Years of scrolling have hijacked our attention spans, along with our ability to sit down and read a book. If reading more is on your 2026 resolutions list, here's some tested advice from avid readers to help you make the goal stick.

Despite being a former English teacher and literacy specialist, Y.L. Wolfe realized that her scrolling habit meant she'd barely finished a book in years. Embarrassed by that realization, she agreed to read along with a friend's book club. She quickly found that reading on a regular schedule rebuilt her speed, focus, and ability to stay with a story. Her best tips for rebuilding the habit: Don't force yourself to finish a book you dislike, spend time sourcing books you will love, and be a little less precious about what you read but disciplined in making sure that you are reading regularly.

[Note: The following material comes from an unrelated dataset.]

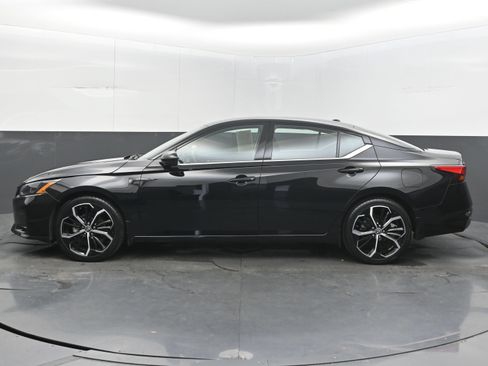 Certified 2025 Nissan Altima 2.5 SR FWD image 5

Once you start to enjoy reading again, you may as well get good at it. Ryan Holiday draws on decades of reading as a writer and bookstore owner to outline the habits good readers actually practice. He emphasizes strategies that help you build a reading life that compounds over time rather than chasing whatever happens to be newest—carrying a book so idle moments turn into reading time, and reading with a pen so ideas are processed, questioned, and retained. Re-read books that matter. And let one book lead to another through footnotes, bibliographies, and recommendations.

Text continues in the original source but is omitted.